1.Go to your local bank to get an SS-4 form or print one out on www.irs.gov by entering “EIN” in the “Search” feature.
2.Fill out the form. This requires a Social Security number.
3.Submit it to the IRS.
4.Once receive form you many then go to your bank to set up a checking account for your club.”
So as we stated, there is a very simple way to open a bank account, since banks require EINs. Go to the IRS and apply for one and follow the simple steps.]
Richard: 990 – is due annually. Mark misspoke. And if you don’t file for three years, they’ll dissolve the corporation. Everything else we agree. Sue: if the club is incorporated and holds activities outside, they must have insurance. What happens if they are not incorporated? Mark: they’re covered under our policy. Sue: I called Bank of America, clubs can be incorporated, they told me clubs are incorporated for liability, to take personal liability away; they said if you want, form a corporation, open a bank account, and then file with the state. It takes a long time.

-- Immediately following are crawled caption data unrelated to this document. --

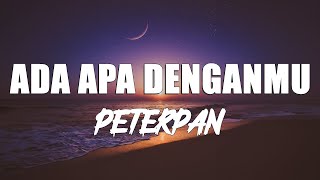 Download lagu Peterpan - Ada Apa Denganmu (lirik) mp3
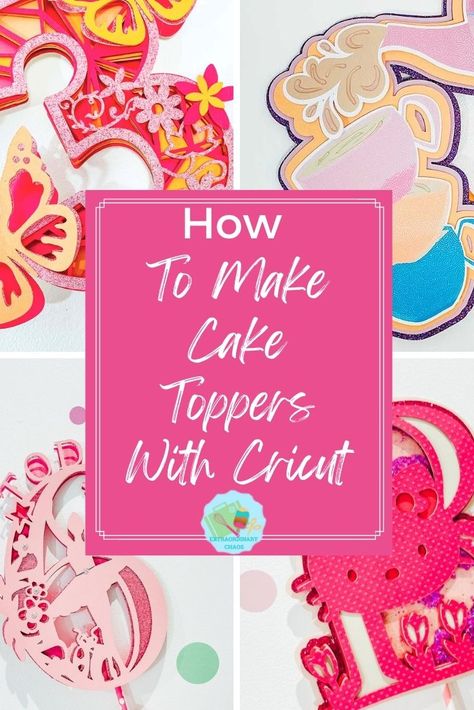 How To Make A Layered Cake Topper With Cricut? ⋆ Extraordinary Chaos Diy Cake Topper Printable, Layered Cake Topper, Diy Cake Topper Birthday, Cricut Cake, 3d Templates, Cricut Birthday, 3d Cake Toppers, Svg Templates, Cake Topper Tutorial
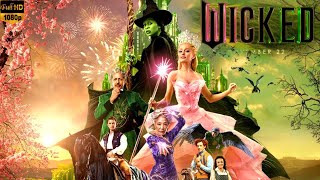 Wicked Full English Movie 2024  Cynthia Erivo  Ariana Grande  Jonathan Bailey  Review And Facts [upl. by Nero]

Eileen: the HOA has approved a function by the pickleball club to have a scavenger hunt on the grounds. Mark: we’re covered on the grounds. Richard: there are ways – the big thing is liability. Clubs, under us, we don’t want incorporated. There are ways to open a bank account without incorporating. The liability is the most important thing. Harvey: at this point, if an incorporated club chooses to have an off-premise activity, they need to provide us with proof of insurance? Richard: they can do whatever they want to; they will not be covered under our policy and we could be secondarily involved. Harvey: we can’t mandate them to get insurance. Richard: no, they’re independent. Eileen: my suggestion is that the pickleball membership seek legal counsel; we’re not attorneys; we can’t guarantee what we’re saying is accurate. If they can be sued, check with an attorney or immediately unincorporate.
[Editor’s note: Bravo. Eileen is 100% correct and so are the others. The best course of action is to immediately dissolve the corporation, and also to never have planned activities or events that have nothing to do with pickleball outside the community gates under the name of the club. This was foolhardy and dangerous.
We sounded these alarm bells when we called out the former and fake pickleball club president Diane Green, former communications officer Sue Leonard, and perhaps others, when they put out a flyer encouraging members to abandon the pickleball courts during limited pickleball play time within the community and join them on the beach under the auspices of the incorporated pickleball club.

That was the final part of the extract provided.